§ **WORK ORDER**:
Using the data below, restate exactly every line from the one with "Christmas tree grid" up to and including the one with "Prada Cotton T-shirt". No picture belongs in it.

[[ DATA UNDER STUDY open ]]

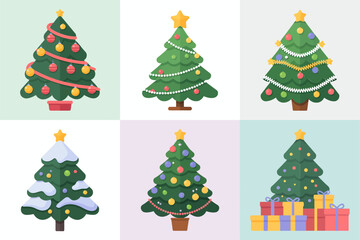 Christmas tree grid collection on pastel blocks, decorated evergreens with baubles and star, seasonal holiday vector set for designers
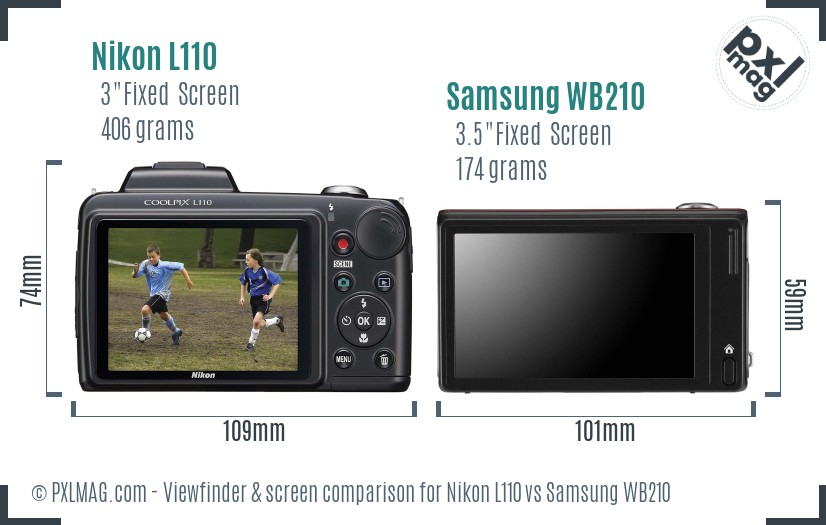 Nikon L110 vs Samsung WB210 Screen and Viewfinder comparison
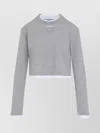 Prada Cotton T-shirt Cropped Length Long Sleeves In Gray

[[ DATA UNDER STUDY closed ]]
[[ DATA UNDER STUDY open ]]

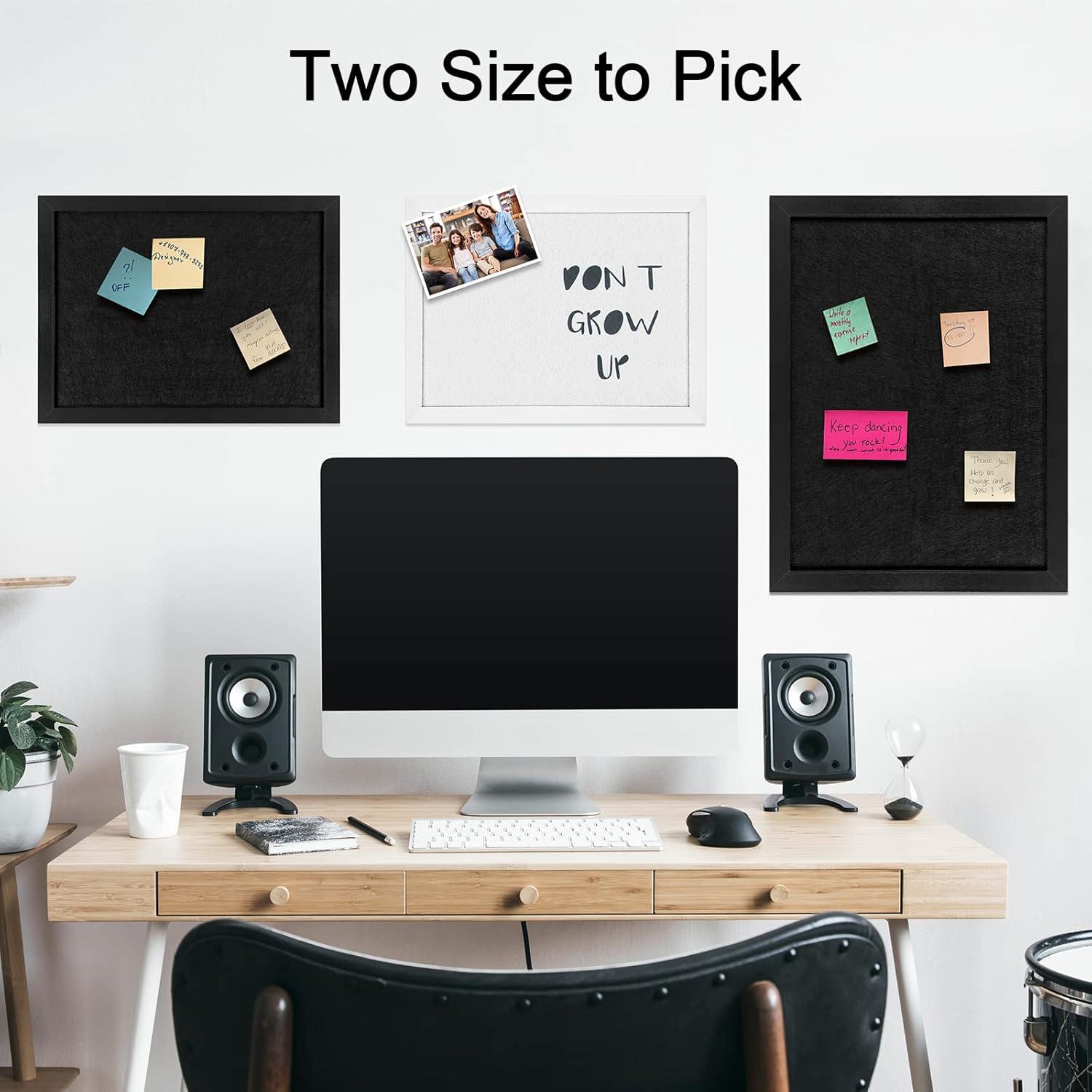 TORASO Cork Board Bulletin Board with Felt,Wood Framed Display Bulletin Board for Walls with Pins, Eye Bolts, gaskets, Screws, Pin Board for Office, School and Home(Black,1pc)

[[ DATA UNDER STUDY closed ]]

§ **WRITTEN RESPONSE**:
 Christmas tree grid collection on pastel blocks, decorated evergreens with baubles and star, seasonal holiday vector set for designers
 Nikon L110 vs Samsung WB210 Screen and Viewfinder comparison
 Prada Cotton T-shirt Cropped Length Long Sleeves In Gray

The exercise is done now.